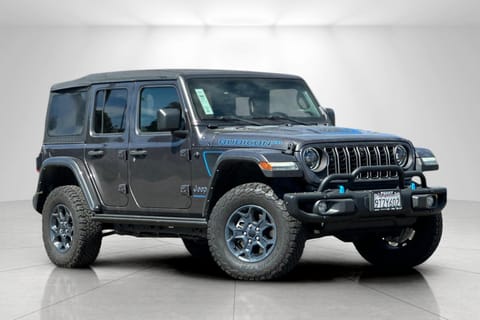 1 image of 2023 Jeep Wrangler 4xe Rubicon 20th Anniversary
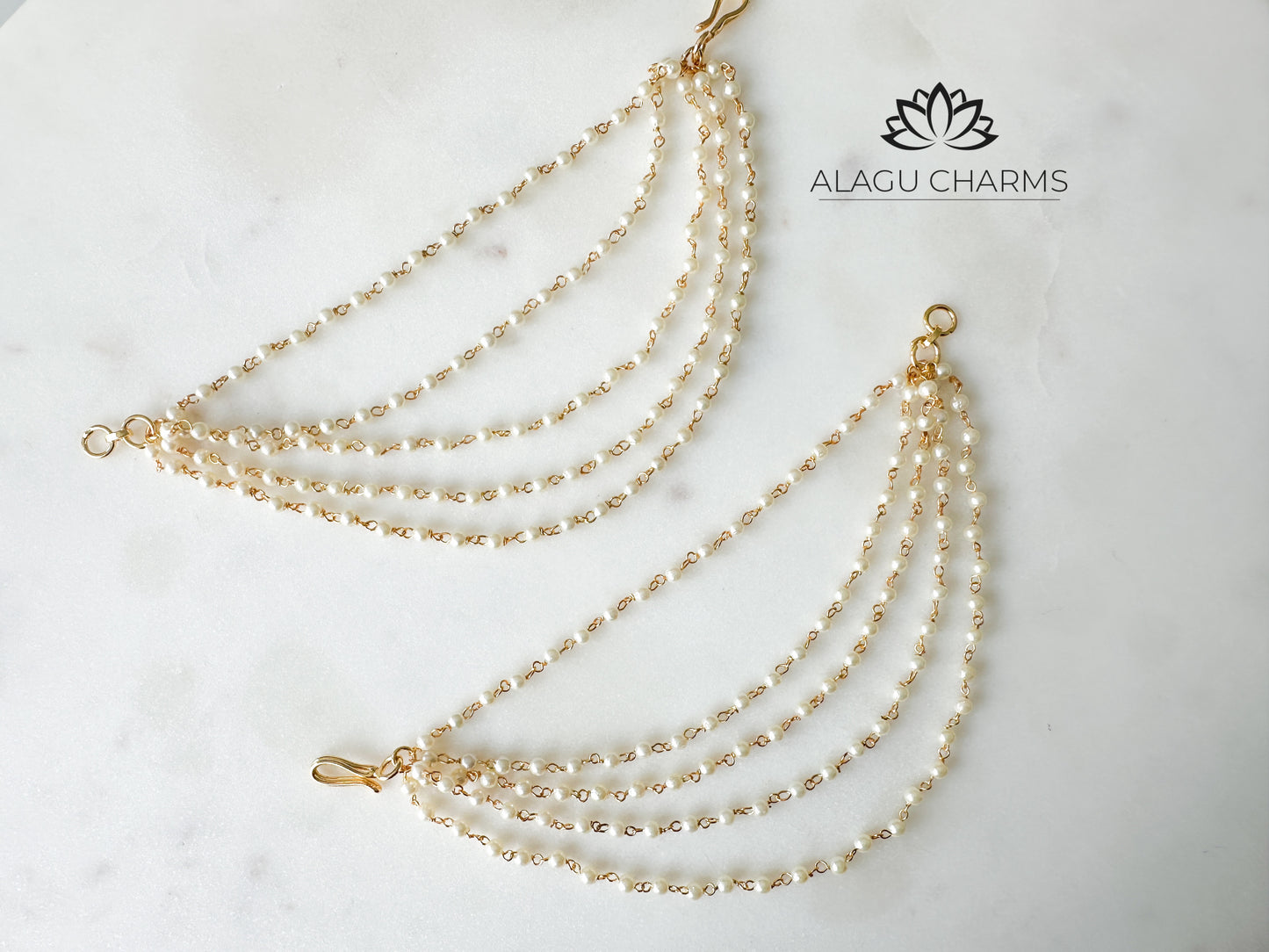 Ear Chain with 4 strings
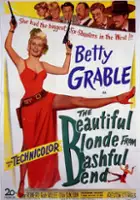 plakat filmu Piękna blondynka z Bashful Bend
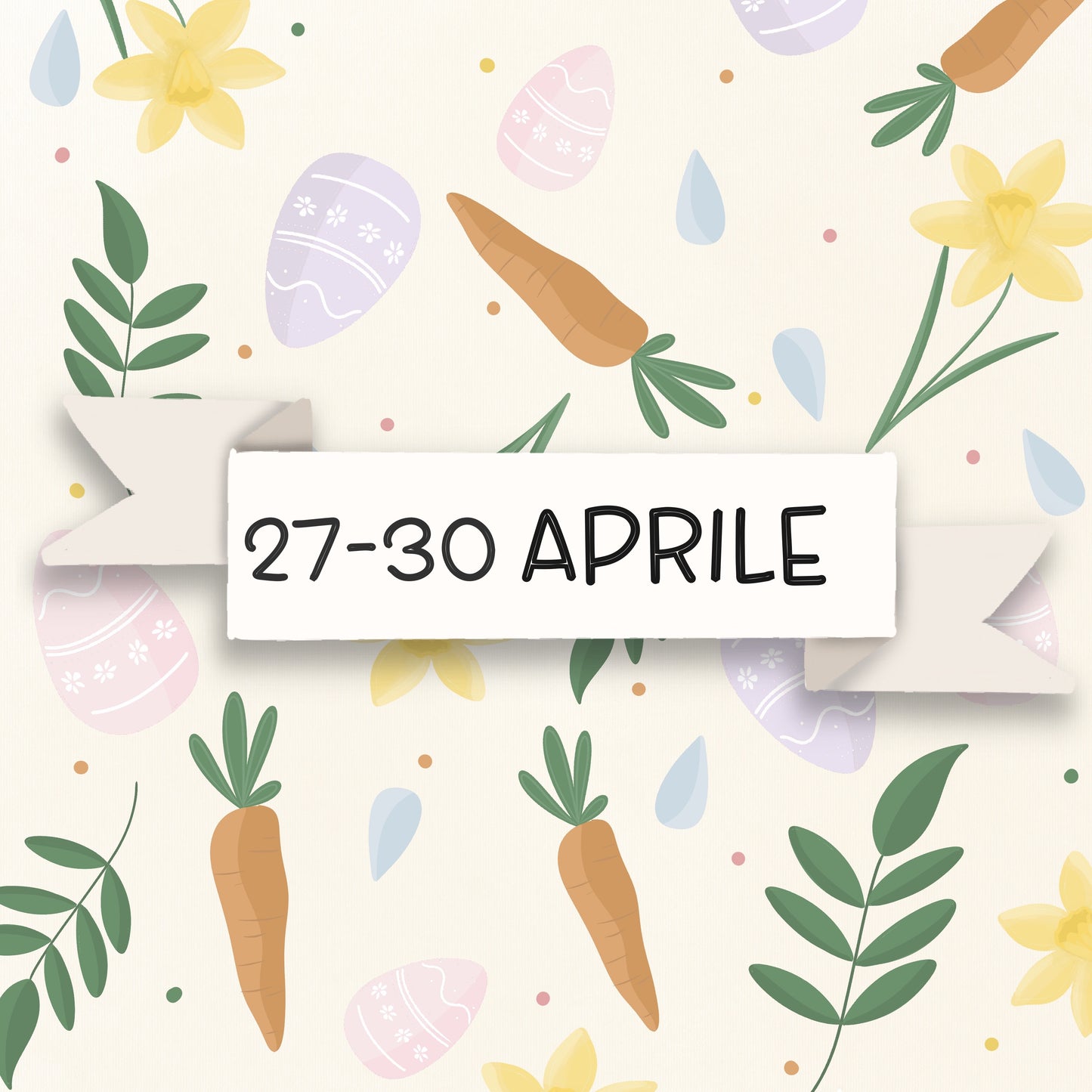 Biscotti personalizzati 27-30 aprile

□ □ □ □ □

EXERCISE DIRECTIONS – Repeat the material above word for word; no images go in the copy.

RESPONSE AREA –
 1 image of 2023 Jeep Wrangler 4xe Rubicon 20th Anniversary
 Ear Chain with 4 strings
 plakat filmu Piękna blondynka z Bashful Bend
 Biscotti personalizzati 27-30 aprile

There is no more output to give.